The best album Pink Floyd ever made, according to David Gilmour: “The strongest whole record”
No artist should concern themselves with which one of their albums is a masterpiece. It’s all about capturing the music that was right for the time, and if it happens to line up with what the rest of the world thinks, that may as well be an added bonus. However, David Gilmour could be more diplomatic regarding which Pink Floyd albums stand out, and as a body of work, he still thought nothing could beat Dark Side of the Moon.
By the time Floyd got to work on their magnum opus, they were ahead of the game for the first time in their careers. The last few projects had seen them slowly digging themselves out of the Syd Barrett-shaped hole in their group, and it wasn’t clear that they were going to fill it until they hit upon ‘Echoes’ off of Meddle.

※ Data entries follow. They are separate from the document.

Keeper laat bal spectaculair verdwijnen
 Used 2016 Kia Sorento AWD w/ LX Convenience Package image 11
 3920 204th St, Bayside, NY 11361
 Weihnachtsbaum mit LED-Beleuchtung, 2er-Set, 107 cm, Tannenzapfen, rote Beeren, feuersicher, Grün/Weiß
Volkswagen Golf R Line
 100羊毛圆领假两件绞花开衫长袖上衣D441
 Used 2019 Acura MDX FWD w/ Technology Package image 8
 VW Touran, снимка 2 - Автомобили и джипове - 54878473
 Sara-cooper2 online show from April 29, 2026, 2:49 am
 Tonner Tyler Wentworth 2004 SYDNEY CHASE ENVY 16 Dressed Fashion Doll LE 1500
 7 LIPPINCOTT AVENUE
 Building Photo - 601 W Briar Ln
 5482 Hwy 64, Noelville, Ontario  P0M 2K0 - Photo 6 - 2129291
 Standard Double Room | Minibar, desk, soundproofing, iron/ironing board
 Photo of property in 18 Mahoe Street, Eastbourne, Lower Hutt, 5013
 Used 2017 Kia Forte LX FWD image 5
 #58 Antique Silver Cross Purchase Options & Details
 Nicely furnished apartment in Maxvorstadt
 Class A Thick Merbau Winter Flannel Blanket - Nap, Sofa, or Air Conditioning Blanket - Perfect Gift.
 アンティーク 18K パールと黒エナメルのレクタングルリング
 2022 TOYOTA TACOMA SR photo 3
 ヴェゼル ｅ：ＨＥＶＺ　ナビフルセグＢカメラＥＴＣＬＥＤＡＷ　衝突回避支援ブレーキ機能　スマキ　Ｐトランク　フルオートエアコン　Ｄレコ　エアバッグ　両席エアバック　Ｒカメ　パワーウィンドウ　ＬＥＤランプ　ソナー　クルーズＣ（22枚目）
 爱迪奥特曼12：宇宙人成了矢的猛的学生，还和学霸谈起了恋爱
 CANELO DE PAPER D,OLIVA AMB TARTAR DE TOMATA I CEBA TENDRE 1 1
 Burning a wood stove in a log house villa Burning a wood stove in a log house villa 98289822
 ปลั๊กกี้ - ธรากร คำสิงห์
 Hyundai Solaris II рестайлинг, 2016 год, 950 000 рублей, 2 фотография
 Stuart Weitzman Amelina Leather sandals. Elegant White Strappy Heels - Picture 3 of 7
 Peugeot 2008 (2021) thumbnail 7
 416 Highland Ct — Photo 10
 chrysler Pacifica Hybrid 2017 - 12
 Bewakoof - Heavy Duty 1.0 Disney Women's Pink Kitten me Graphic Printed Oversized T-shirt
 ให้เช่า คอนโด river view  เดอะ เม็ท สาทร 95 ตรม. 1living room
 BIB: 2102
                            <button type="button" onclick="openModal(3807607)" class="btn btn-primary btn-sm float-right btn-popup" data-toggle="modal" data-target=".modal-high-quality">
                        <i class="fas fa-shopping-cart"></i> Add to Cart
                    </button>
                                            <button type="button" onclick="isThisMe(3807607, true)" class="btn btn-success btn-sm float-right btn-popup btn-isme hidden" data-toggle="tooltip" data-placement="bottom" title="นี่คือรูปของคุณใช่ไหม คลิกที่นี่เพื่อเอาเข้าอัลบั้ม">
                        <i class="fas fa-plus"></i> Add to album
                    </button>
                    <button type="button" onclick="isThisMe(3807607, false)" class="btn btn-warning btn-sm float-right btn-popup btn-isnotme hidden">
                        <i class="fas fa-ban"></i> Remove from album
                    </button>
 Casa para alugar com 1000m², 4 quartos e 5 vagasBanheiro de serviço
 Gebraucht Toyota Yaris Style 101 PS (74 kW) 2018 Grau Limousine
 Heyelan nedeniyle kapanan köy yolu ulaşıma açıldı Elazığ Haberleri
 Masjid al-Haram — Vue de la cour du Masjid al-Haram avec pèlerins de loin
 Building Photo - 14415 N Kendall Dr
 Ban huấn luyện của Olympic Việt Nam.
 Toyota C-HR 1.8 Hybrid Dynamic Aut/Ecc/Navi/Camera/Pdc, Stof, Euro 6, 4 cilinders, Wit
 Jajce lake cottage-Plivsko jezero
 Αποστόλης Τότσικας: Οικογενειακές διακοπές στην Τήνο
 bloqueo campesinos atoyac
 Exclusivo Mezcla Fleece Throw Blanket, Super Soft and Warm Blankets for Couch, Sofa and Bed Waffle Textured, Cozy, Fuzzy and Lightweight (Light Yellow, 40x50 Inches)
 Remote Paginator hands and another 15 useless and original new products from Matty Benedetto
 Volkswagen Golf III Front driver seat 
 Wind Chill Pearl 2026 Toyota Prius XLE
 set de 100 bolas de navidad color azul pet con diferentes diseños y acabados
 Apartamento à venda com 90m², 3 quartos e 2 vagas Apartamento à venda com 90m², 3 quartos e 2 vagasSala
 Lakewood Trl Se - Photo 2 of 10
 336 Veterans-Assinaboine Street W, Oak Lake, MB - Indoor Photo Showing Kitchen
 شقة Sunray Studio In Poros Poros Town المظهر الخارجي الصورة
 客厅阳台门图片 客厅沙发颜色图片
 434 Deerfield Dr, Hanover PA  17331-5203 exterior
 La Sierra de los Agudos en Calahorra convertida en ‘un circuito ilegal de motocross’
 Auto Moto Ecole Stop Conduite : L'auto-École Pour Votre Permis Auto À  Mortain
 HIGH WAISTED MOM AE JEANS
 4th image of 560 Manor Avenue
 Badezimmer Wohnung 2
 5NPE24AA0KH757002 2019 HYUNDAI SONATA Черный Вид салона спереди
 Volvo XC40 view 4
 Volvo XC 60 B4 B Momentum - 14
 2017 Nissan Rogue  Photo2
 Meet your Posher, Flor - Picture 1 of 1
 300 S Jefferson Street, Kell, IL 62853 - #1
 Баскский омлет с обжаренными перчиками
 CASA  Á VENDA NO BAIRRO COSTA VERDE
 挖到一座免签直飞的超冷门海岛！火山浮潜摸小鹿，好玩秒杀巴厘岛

That’s not to say that everything before then was terrible. There was a lot of great sonic imagery spread across albums like Atom Heart Mother, but there was also a lot of meandering as the rest of the group figured out just what the hell they were trying to do. Once the band descended upon Pompeii to play their now iconic shows, they realised they had hit on something huge.
In the accompanying film, the group had already begun work on what would become Dark Side of the Moon, which was initially described as a descent into lunacy. When you listen to the versions of the album that made it to the live stage at first, it is like night and day once they are brought into the studio.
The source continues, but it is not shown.